How to Compare Models¶
Once two or more models have been fitted, you probably want to compare them. Comparisons help answer which model is best, and whether the model itself is actually any good.
Note that model comparison depends on fitting the model to the same data, using the same objective function.
General approach for relative comparisons¶
To see which of two models is better, use the Akaike information criterion or Bayesian information criterion. The lower the value, the better the (relative) fit.
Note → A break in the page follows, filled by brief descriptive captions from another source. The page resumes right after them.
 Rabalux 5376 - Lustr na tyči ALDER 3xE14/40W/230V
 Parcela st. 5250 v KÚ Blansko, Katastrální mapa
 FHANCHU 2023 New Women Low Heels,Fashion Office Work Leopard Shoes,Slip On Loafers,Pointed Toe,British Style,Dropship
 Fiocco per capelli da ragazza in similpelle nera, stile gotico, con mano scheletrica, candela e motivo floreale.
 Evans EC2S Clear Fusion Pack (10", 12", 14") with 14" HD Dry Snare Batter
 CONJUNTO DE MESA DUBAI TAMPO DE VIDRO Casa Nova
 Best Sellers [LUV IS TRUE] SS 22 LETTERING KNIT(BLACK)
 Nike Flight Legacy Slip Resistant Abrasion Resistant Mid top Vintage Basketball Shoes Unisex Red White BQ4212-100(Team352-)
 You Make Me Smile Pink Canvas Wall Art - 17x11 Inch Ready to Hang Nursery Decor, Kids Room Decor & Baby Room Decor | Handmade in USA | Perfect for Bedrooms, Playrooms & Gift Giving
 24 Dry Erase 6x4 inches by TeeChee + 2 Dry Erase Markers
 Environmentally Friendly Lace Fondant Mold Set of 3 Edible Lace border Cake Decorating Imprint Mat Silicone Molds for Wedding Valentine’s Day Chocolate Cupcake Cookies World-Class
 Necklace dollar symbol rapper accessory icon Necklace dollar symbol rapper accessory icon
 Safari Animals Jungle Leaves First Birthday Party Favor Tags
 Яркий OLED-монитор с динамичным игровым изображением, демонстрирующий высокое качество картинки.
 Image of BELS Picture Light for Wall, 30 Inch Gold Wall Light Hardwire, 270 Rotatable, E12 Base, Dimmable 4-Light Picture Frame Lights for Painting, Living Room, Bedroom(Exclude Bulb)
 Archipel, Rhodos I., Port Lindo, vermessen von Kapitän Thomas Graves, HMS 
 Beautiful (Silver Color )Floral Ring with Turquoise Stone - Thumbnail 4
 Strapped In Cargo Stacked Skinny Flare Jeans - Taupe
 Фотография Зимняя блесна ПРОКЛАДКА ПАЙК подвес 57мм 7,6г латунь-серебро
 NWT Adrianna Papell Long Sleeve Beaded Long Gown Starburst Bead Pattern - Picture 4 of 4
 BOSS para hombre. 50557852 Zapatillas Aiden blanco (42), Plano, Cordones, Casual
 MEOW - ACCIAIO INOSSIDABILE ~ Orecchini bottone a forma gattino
from kriterion.data import ROCData
from kriterion.fit import fit
from kriterion.models import SignalDetection, UnequalSignalDetection
data = ROCData(
signal=[505, 248, 226, 172, 144, 93],
noise=[115, 185, 304, 523, 551, 397],
)
evsdt = SignalDetection(data)
uvsdt = UnequalSignalDetection(data)
evsdt_result = fit(evsdt)
uvsdt_result = fit(uvsdt)
print(f"EVSDT Model: {evsdt_result}\n\nUVSDT Model: {uvsdt_result}")

ModelSummary(
dof=4,
chi2=83.99571907067437,
chi2_p=0.0,
g2=78.45168122467555,
g2_p=3.3306690738754696e-16,
log_likelihood=-5795.6405098990435,
aic=11603.281019798087,
bic=11640.1803630645,
sse=0.0055980393928765715
)
UVSDT Model: ModelSummary(
dof=3,
chi2=9.183606301259807,
chi2_p=0.02694676677704899,
g2=9.305614752213955,
g2_p=0.02549179488508846,
log_likelihood=-5761.067476662813,
aic=11536.134953325625,
bic=11579.184187136441,
sse=0.0004422615018773785
)
Looking at the AIC values, the EVSDT model is a worse fit than the UVSDT (11603 > 11536).
Note that the actual value of the AIC and BIC scores does not tell us anything about whether the model itself is a good fit to the data. To answer that question, just refer to the \(\chi^2\) or \(G^2\) test statistic values of the ModelSummary, along with their corresponding \(p\)-values. In this context, the test statistics test the null hypothesis that the model generated the data, which we hope not to reject, so a non-significant result indicates an adequate fit.
Alternative approach for nested model comparisons¶
As an alternative to using the AIC or BIC values, if the comparison is between some model \(M_1\) that is nested within some other model \(M_2\), then we can use a likelihood ratio test and obtain a \(p\)-value for the model comparison. This is referred to as a nested comparison.
The example used above - comparing the EVSDT model with the UVSDT - meets this requirement. The EVSDT model has some number of criterion parameters and a single parameter for \(d'\); the UVSDT model has the same, with the addition that it allows for the standard deviation of the signal distribution to vary. To perform a nested comparison we can use the compare_nested helper function:
from kriterion.fit import compare_nested
delta_g2, delta_dof, p_val = compare_nested(evsdt_result, uvsdt_result)
print(f"G^2 = {delta_g2:.2f}, ddof={delta_dof}, p={p_val}")
Here, the test statistic and degrees of freedom of the more complex model are subtracted from those of the simpler model, and then a \(p\)-value is obtained for the resulting difference in \(G^2\) and difference in \(df\).
In this case, that means \(G^2 = 78.45 - 9.31 = 69.14\), and \(df = 1\). Since the \(G^2\) follows the \(\chi^2\) distribution, we can obtain the \(p\)-value for these values, which is \(p \approx 9.14 \times 10^{-17}\), meaning that the UVSDT model gives a significantly better fit.